Times that Were

Recently I was watching this documentary about a summer festival in Harlem back in 1969. The turnout at the time was huge and the performers all legendary in their own right—but in the ensuing years, the documentary details how this event was largely forgotten.  You get to watch tons of footage and interviews from the performers to the attendees.  All told, the 1969 Harlem Cultural Festival was something that people walked into without really knowing beforehand that they were taking part in something really special. 

The show closes out with a short commentary from one of the spectators. He’s just been shown some of the footage from over 50 years ago and he has tears in his eyes. He pauses, and then he laughs. He says:

“it’s funny.  You put memories away and you don’t realize…sometimes you don’t even know if they’re real. So [in rewatching these clips} it’s almost confirmation that what I knew is real.  Confirmation…and not only that….how beautiful it was.”

The documentary ultimately won an Academy Award—and it is excellent and most deserving—but it was really that parting comment that stuck with me. How he spoke about his memories being validated for what they were…even if in the passage of time he might have started to doubt that they were truly that amazing. That special.

Of course as the decades wear into our skin, we’ve all experienced and then moved on from highpoints in our lives. Real moments of joy, however fleeting. You savor them, but then life continues and you have to move on to other stuff that requires your attention. And then suddenly it’s ten years later. Or 54 years later. Stuff gets blurry.

In that same vein, there are skills or routines that we have picked up along the way and some go dormant from either disuse or non-necessity. Like a cherished memory, after a while you can start to question whether you ever really had it in the first place (for me right now, that’s living with feeling horrified every time I open my mouth to speak French- grazie, Italia).  I know full well that this is all a part of aging, but that spectator’s comments have really stuck with me. 

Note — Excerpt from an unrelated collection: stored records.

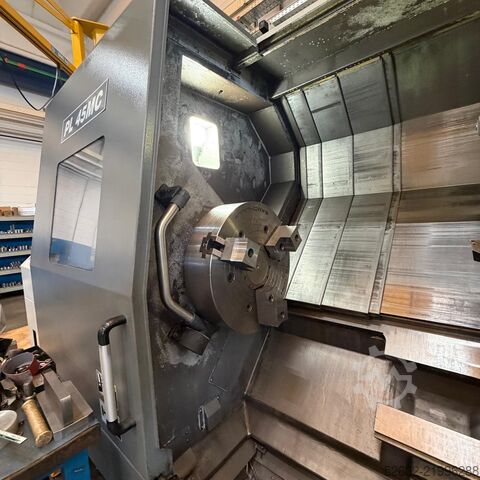 Máy tiện CNC SMEC PL45MC/2200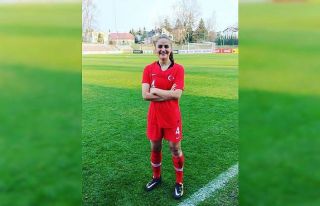 U17 Kız Milli Takımı’nın hazırlık kampı aday...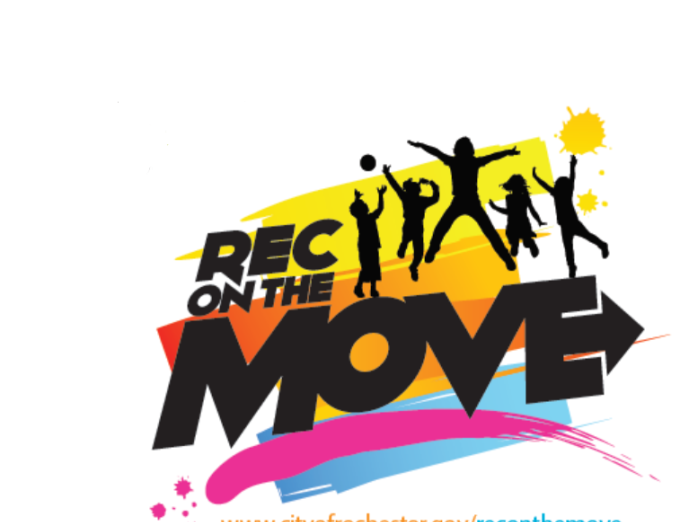 Rec On the Move Logo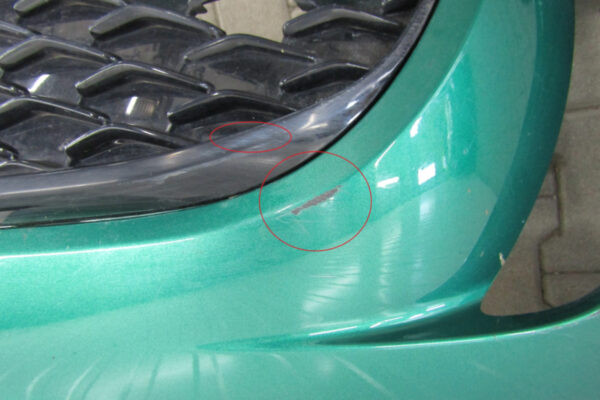 Bumper	ALFA ROMEO TONALE 22- 50571209  Voorbumper HK356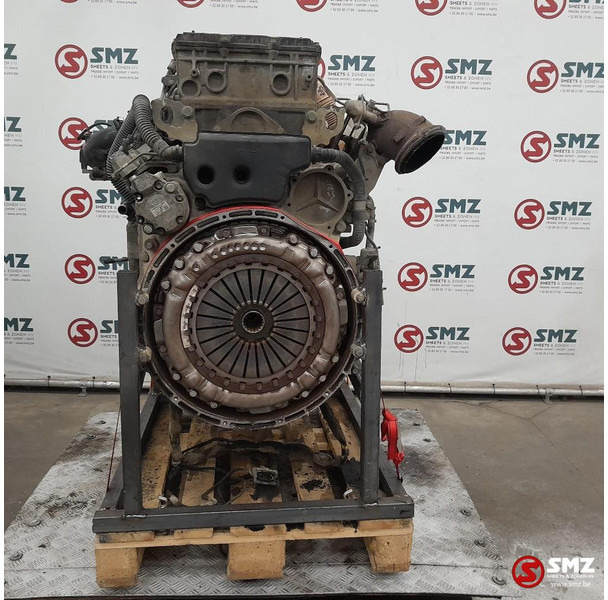 Mercedes-Benz Occ motor OM470LA Mercedes - Moteur pour Camion: photos 4 Mercedes-Benz Occ motor OM470LA Mercedes - Moteur pour Camion: photos 4
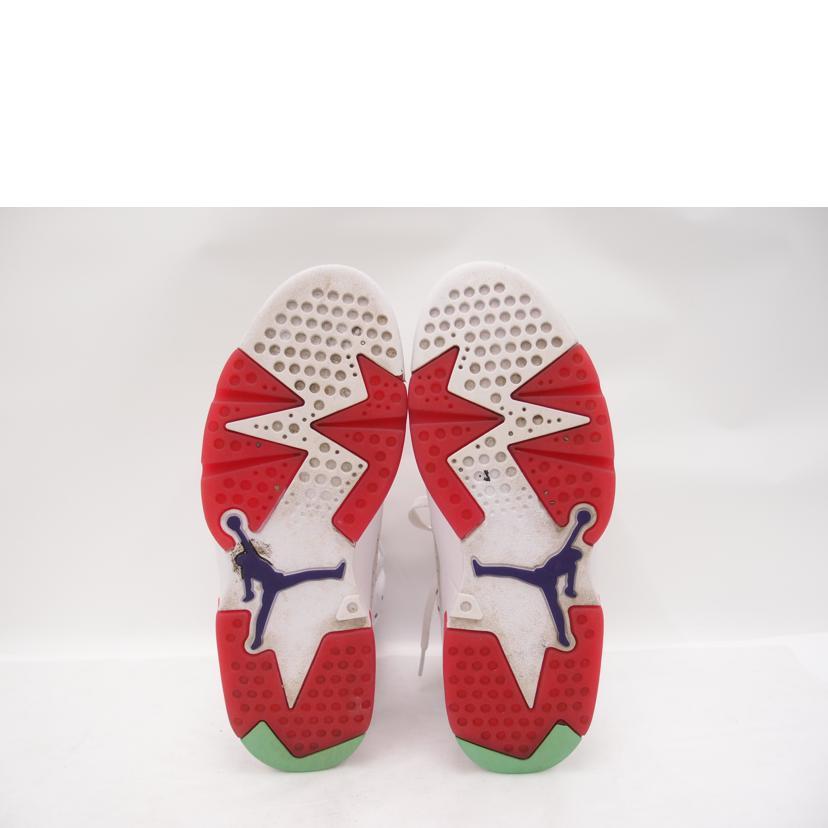 NIKE ナイキ/AIR JORDAN 6RETRO/CT8529-062/27/メンズスシューズ/Bランク/69【中古】 Jordan NIKE ナイキ/AIR JORDAN 6RETRO/CT8529-062/27/Bランク/69
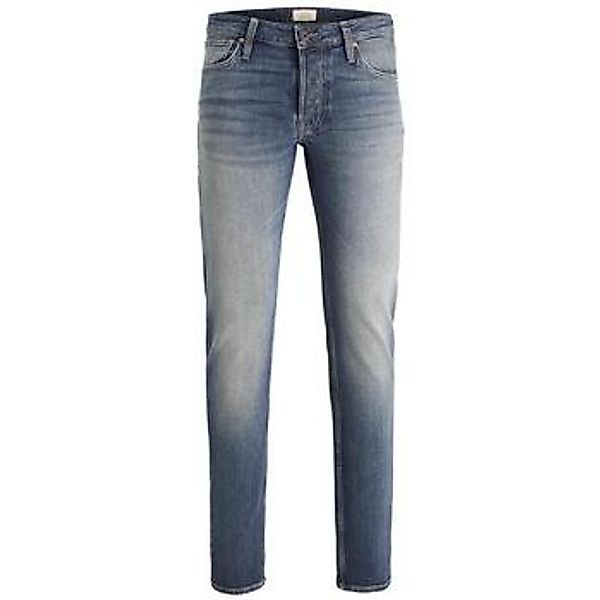 Jack & Jones  Slim Fit Jeans 12261703-BLD günstig online kaufen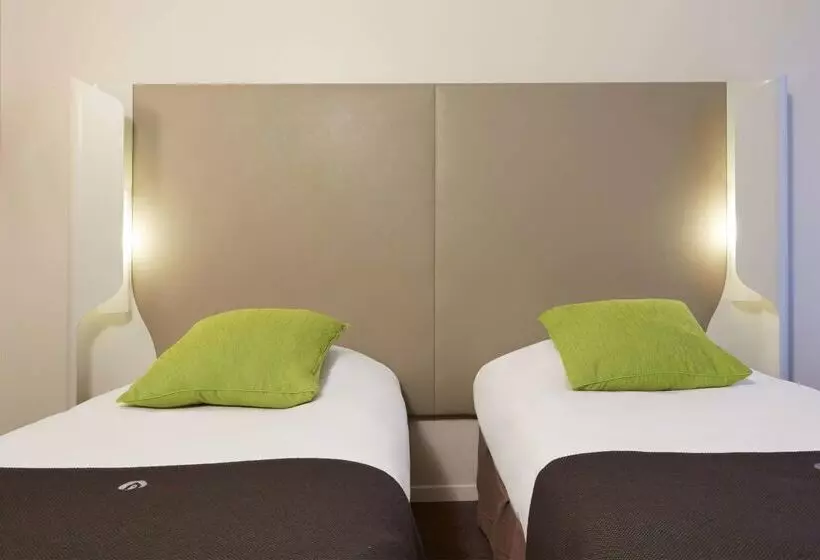 호텔 Campanile Lille Euralille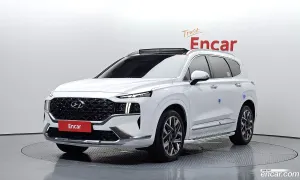 Hyundai Santafe Calligraphy Gasoline 2.5T 4WD 2021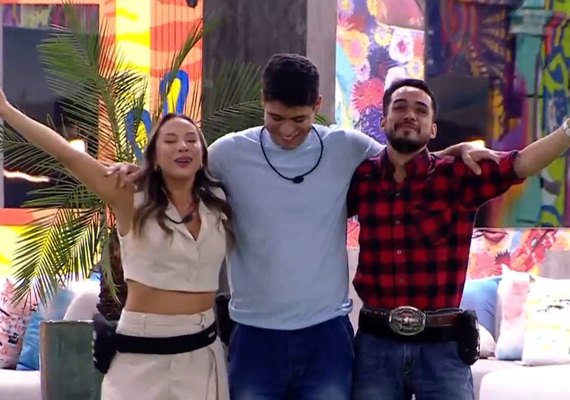 Quem ganha o 'BBB 25'? Guilherme cresce e Renata não sustenta favoritismo
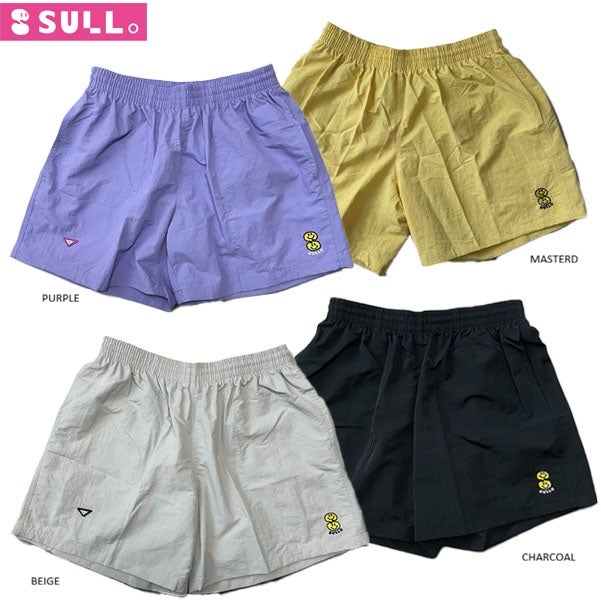 SULLO スージョ SKIP SHORTS 26SS 1821101028 | 【公式】レアル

I remember when I was 18 and backpacking around Europe with my friends. Only two years before, I had lived in the south of France for a year—largely left to my own devices as we would cut school and try to ride the public bus without paying (we were, indeed, stupid 16-year-olds). On weekends we’d also go into the mountains to either ski or simply hike around. It was like I had been dropped into wonderland, although I had no idea that this would happen when I signed up to go. The sentiment of existing in that space at that age was best summed up by a fellow exchange student one day while we were walking in the Belledonne mountain range. She suddenly exclaimed, “I am standing on an Alp!” We made fun of her enthusiasm in a good-natured way….but we were totally on board with her jubilation.

Fast-forward to two years later and those memories are already feeling faded and surreal. On that backpacking trip we took a train to the south. It was the first time for my travel companions, but as soon as the train curved into the valley, I caught a glimpse of the Chartreuse mountains. I know those contours. I could not stop scanning my surroundings. I probably looked like one of those video clips showing a poor dog that keeps looking to and fro, unsure of what to make of a situation. That was me on the train. But it was not because I didn’t know what to make of my surroundings—but rather, it was me starting to process what I had experienced as a dumb exchange student in a French lyceé…it was all real. My doubts had vanished. And all of the memories and emotions felt validated. 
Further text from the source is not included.